• _WHAT YOU ARE ASKED TO DO_
Leave the pictures behind and reproduce every line of the listing exactly.

• _STORED DATA_
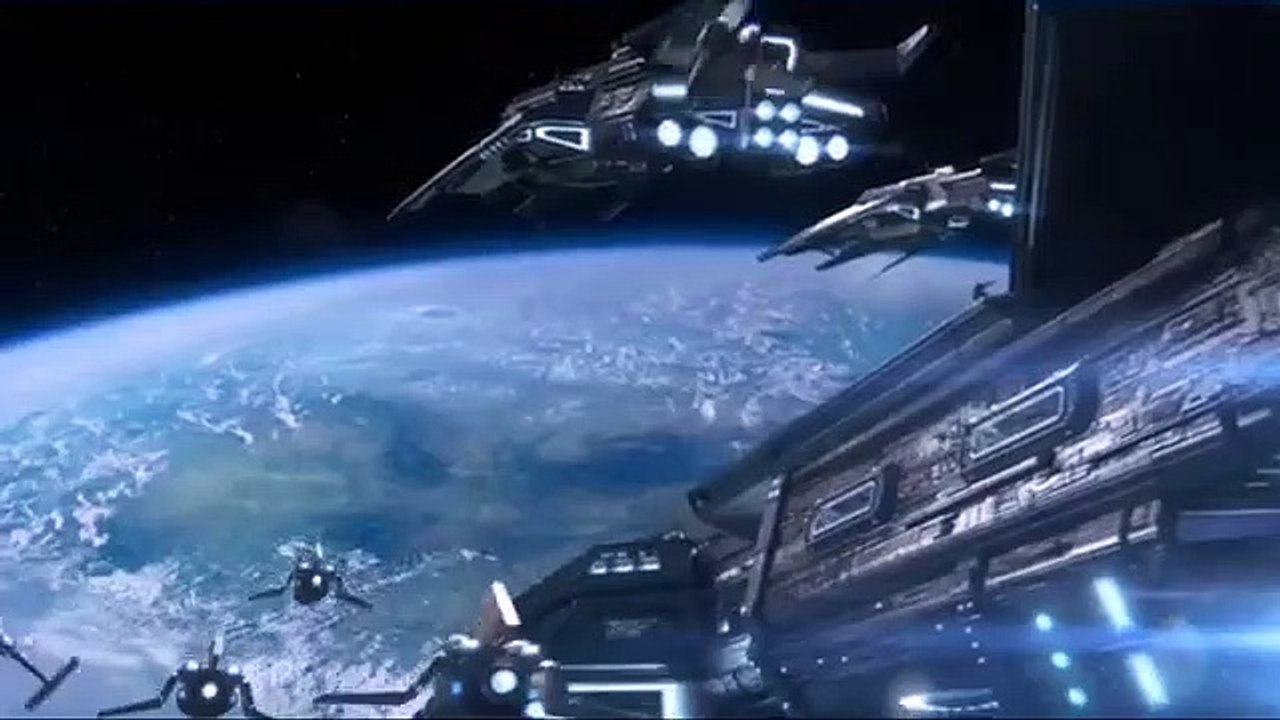 Alan Walker-On My Way" Emotional Animation Music Video Hd"(Pubg Mobile Official Clip 2019) [Gmv]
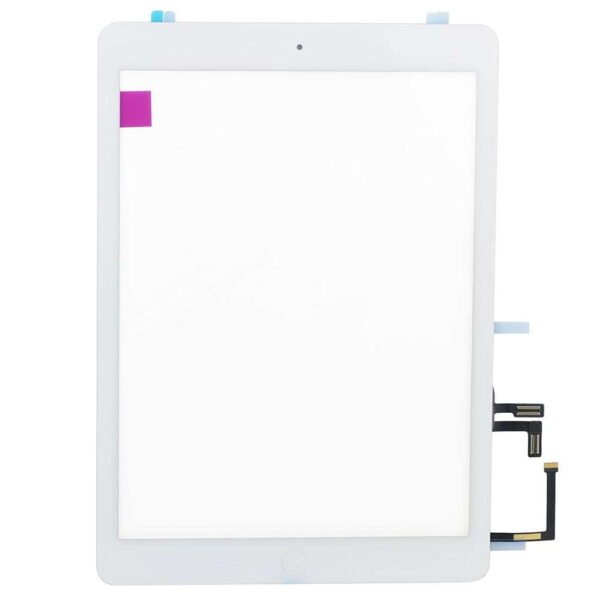 iPad 5 Screen Replacement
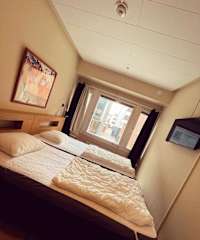 Fotos de Uppsala City Hostel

• _TASK RESULT_
 Alan Walker-On My Way" Emotional Animation Music Video Hd"(Pubg Mobile Official Clip 2019) [Gmv]
 iPad 5 Screen Replacement
 Fotos de Uppsala City Hostel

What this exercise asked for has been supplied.